Abstract

While the temporal properties of prosodic boundaries are fairly well understood, tonal events at boundaries (phrase accents and boundary tones) have received less attention. The present study, conducted within the articulatory phonology framework [cf. Browman and Goldstein (1989)], is a first investigation of the coordination of boundary tone gestures to constriction gestures. An articulatory magnetometer study probes this coordination in a variety of constructions in Greek (causatives, yes‐no questions, imperative requests, and wh‐questions). The effects of stress (levels: zero, one or two syllables before the boundary) and accent (levels: accented versus deaccented utterance‐final word) are examined.
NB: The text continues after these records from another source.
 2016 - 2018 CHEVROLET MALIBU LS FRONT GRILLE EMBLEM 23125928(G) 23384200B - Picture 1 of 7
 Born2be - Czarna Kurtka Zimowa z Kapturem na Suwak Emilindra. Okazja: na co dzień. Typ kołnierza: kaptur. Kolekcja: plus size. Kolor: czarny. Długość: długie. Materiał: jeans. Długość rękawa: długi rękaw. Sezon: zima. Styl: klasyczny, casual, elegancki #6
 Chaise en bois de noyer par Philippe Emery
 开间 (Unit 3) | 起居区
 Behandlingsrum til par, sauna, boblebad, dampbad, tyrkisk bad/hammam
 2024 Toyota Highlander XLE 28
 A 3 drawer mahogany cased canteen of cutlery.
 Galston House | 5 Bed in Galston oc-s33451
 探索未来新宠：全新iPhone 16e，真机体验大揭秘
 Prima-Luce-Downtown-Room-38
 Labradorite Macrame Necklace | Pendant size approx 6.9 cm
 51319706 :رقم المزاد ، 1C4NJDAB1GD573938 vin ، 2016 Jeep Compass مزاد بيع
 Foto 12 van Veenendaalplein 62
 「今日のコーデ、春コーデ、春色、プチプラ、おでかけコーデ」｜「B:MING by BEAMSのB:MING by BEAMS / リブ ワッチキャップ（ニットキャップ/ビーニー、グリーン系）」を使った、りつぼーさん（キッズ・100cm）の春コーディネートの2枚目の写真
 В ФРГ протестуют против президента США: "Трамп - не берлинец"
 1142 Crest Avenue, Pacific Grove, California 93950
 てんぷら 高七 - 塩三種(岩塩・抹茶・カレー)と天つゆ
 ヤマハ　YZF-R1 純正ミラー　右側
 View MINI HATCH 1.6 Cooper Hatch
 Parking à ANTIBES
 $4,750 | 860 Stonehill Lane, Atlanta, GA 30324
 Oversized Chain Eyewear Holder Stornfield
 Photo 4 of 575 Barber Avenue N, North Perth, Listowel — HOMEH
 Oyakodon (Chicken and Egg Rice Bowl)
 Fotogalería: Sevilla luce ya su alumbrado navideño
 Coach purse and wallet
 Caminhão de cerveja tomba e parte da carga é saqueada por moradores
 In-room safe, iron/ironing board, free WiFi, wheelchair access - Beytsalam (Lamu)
Results from two speakers analyzed to date indicate that the boundary tone coordinates with the onset’s release gesture or the nucleus’ opening gesture of the utterance‐final syllable. The presence of accent does not affect these coordination relations, while stress does. Specifically, the latter affects the lag between the onset of the consonant gesture and the onset of the vowel gesture, and the lag between the onset of the consonant gesture and the onset of the boundary tone gesture. Such findings imply that boundary tones, albeit postlexical events, affect the intrasyllabic gestural coordination. An alternative possibility is that tonal and temporal events at prosodic boundaries interact. [Work supported by NIH.]